Elastin-like polypeptides (ELPs) cause plants to store GM proteins in special 'protein bodies', insulating them from normal cellular degradation processes and increasing the overall protein yield. Researchers writing in the open access journal BMC Biology have visualised the mechanism by which the synthetic biopolymer increases the accumulation of recombinant proteins.
Rima Menassa worked with a team of researchers from Agriculture and Agri-Food Canada in London, Ontario, to develop and test the ELP tags by targeting an ELP-green fluorescent protein (GFP) fusion to various organelles in the leaves of the tobacco plant. Tobacco is well-suited as a production system for recombinant proteins but the mechanism by which ELP fusions increase production yields in transgenic tobacco leaves was previously unknown. Menassa said, "ELP was shown to almost double the yield of GFP to 11% of total soluble protein when hyperexpressed in the endoplasmic reticulum (ER)".
Based on their confocal and electron microscopy analyses, the researchers suggest that ELP fusions targeted to the ER induce the formation of novel mobile protein body-like structures in leaves, which appear similar in size and morphology to the prolamin-based protein bodies naturally found in plant seeds.
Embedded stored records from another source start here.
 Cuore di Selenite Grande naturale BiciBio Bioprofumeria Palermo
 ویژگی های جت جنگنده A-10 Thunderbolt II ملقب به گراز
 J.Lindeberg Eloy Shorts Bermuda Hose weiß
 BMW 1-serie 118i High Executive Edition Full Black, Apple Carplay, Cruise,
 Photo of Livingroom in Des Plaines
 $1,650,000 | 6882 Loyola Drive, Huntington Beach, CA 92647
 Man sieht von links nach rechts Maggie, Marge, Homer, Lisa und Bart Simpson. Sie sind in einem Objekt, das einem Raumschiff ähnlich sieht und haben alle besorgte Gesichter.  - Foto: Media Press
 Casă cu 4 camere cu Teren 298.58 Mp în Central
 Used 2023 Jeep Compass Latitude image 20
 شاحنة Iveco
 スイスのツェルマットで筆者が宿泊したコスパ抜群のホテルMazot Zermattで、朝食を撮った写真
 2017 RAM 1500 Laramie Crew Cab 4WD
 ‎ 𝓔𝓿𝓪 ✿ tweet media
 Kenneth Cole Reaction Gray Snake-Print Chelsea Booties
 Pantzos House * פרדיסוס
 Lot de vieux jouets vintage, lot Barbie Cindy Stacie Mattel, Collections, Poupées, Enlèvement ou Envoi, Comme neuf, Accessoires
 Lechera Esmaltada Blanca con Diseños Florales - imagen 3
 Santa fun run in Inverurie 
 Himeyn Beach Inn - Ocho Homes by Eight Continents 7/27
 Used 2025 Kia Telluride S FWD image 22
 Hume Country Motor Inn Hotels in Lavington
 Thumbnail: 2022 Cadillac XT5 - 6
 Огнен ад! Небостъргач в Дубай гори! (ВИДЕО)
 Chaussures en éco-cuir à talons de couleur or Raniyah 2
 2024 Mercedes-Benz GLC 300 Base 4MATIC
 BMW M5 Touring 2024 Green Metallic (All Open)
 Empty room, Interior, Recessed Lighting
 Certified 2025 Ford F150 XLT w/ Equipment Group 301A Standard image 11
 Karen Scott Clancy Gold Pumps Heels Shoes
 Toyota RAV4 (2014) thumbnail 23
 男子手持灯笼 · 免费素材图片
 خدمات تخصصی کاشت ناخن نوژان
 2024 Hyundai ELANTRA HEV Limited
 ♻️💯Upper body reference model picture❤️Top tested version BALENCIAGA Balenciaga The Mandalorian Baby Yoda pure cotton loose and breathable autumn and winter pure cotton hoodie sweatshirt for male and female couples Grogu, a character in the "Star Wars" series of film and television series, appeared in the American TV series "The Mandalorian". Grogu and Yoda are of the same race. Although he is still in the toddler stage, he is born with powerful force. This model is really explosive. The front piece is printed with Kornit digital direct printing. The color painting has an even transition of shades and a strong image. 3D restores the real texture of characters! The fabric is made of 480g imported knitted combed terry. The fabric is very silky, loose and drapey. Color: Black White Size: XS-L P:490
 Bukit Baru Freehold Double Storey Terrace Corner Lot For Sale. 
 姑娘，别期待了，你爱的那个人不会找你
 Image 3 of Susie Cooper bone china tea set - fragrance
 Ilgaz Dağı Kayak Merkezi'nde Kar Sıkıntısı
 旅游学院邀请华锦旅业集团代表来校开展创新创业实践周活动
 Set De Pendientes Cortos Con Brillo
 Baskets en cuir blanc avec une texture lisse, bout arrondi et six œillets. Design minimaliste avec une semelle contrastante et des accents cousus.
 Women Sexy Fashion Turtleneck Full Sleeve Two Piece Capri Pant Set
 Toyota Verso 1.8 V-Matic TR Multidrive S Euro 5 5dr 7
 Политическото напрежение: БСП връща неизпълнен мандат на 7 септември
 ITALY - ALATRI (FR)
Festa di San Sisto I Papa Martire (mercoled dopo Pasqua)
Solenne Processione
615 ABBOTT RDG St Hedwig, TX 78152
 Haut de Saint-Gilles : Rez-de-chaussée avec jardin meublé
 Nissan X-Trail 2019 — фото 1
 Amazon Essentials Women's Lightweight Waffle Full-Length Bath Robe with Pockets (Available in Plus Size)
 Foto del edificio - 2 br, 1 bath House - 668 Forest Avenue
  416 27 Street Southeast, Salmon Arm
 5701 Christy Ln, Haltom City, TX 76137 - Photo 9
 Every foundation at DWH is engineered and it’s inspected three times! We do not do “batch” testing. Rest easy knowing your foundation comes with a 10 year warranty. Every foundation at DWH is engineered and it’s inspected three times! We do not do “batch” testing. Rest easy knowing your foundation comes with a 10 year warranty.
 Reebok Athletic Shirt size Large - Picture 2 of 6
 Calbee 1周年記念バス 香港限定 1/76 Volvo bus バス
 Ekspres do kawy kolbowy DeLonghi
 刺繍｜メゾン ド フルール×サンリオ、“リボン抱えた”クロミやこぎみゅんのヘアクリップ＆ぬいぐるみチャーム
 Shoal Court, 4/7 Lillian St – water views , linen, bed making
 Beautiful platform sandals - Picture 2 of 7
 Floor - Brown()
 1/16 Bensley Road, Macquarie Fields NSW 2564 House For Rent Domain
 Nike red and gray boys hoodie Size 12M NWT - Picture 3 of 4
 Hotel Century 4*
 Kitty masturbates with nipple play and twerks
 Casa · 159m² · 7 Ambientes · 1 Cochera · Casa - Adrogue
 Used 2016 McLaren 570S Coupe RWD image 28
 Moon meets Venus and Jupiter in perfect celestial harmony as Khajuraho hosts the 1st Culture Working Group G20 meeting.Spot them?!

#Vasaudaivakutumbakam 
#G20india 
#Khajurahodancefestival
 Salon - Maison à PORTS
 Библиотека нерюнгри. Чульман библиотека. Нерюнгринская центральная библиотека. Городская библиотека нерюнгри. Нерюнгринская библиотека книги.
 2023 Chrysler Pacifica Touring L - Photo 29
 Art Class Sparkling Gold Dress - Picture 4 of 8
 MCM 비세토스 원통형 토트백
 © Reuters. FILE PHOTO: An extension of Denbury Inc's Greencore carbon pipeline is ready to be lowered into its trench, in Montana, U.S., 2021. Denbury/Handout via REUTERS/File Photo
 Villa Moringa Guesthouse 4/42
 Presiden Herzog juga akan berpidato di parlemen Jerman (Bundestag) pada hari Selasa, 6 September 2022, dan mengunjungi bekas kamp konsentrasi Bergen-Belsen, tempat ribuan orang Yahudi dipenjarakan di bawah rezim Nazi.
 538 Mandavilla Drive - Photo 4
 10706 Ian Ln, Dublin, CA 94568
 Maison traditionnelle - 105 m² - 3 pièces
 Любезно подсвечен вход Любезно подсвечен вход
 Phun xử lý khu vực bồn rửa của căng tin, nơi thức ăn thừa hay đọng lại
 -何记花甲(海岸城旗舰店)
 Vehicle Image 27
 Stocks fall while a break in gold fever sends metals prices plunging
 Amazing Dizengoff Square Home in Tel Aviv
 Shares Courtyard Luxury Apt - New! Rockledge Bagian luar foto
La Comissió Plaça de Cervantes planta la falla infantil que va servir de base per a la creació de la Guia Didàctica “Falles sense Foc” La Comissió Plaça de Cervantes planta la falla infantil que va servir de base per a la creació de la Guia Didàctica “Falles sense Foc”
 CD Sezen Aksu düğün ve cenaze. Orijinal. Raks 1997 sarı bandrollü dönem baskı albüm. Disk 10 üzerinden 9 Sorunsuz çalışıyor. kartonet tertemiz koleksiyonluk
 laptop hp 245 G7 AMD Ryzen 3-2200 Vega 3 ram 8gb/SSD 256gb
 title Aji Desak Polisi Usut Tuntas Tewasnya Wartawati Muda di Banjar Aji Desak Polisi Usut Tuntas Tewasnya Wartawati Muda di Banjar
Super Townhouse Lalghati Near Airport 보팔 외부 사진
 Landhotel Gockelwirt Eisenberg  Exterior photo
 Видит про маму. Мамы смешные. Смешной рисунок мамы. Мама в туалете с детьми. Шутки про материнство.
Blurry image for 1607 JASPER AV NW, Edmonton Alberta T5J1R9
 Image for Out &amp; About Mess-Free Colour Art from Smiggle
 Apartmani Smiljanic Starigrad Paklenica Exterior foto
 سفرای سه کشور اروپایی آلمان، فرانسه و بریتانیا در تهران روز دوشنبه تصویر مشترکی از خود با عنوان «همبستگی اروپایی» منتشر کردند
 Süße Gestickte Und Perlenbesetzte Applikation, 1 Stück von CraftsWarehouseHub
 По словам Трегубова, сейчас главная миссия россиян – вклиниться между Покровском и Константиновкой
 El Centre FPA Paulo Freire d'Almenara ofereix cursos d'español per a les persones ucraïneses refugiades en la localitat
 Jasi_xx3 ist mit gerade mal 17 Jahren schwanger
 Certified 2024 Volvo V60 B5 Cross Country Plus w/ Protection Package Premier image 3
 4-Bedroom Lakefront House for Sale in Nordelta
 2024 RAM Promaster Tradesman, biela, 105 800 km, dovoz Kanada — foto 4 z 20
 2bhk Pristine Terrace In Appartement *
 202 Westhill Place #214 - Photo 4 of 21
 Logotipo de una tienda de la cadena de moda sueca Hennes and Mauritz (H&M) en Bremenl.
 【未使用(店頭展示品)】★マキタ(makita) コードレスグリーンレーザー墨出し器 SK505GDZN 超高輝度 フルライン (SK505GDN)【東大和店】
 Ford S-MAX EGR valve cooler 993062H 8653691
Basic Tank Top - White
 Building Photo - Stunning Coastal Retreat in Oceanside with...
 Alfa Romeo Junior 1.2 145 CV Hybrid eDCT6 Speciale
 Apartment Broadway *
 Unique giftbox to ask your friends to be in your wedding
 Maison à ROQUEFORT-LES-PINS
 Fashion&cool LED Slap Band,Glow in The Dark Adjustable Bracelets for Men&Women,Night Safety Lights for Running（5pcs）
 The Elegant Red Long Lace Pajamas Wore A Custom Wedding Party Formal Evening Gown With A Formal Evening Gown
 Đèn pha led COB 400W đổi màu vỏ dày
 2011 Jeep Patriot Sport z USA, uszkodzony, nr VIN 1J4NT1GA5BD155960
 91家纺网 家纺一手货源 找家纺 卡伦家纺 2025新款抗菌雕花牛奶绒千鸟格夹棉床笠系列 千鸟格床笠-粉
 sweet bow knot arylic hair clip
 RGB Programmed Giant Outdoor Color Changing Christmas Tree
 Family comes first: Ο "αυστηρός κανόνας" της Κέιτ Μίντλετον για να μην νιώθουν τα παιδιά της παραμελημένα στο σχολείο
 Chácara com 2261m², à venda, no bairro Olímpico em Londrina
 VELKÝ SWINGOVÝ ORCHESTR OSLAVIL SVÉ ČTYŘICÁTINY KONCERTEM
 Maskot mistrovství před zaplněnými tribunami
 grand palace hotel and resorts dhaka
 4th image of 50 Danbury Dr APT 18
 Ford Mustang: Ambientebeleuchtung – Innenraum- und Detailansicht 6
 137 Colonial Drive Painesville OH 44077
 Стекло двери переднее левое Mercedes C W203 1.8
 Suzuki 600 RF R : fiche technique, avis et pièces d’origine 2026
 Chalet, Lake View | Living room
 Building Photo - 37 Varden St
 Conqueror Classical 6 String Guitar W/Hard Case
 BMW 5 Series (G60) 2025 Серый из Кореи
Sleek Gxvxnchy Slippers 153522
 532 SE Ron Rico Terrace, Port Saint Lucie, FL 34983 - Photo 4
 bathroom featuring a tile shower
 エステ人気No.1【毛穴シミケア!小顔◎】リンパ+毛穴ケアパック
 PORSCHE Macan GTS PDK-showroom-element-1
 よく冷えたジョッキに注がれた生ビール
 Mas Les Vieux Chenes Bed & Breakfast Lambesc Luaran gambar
These bodies may be responsible for ELP's positive effect on recombinant protein accumulation by excluding the heterologous protein from normal physiological turnover.
The researchers targeted their ELP fusions to the cytoplasm, chloroplasts, apoplast and ER in Nicotiana benthamiana tobacco plants. They found that the ER was the only intracellular compartment in which the ELP significantly enhanced recombinant protein accumulation. They conclude, "An ER-targeted ELP fusion approach provides an effective strategy for depositing large amounts of concentrated heterologous protein within the limited space of the cell".
More information: Induction of protein body formation in plant leaves by elastin-like polypeptide fusions; Andrew J Conley, Jussi J Joensuu, Rima Menassa and Jim E Brandle; BMC Biology (in press); www.biomedcentral.com/bmcbiol/
Source: BioMed Central (news : web)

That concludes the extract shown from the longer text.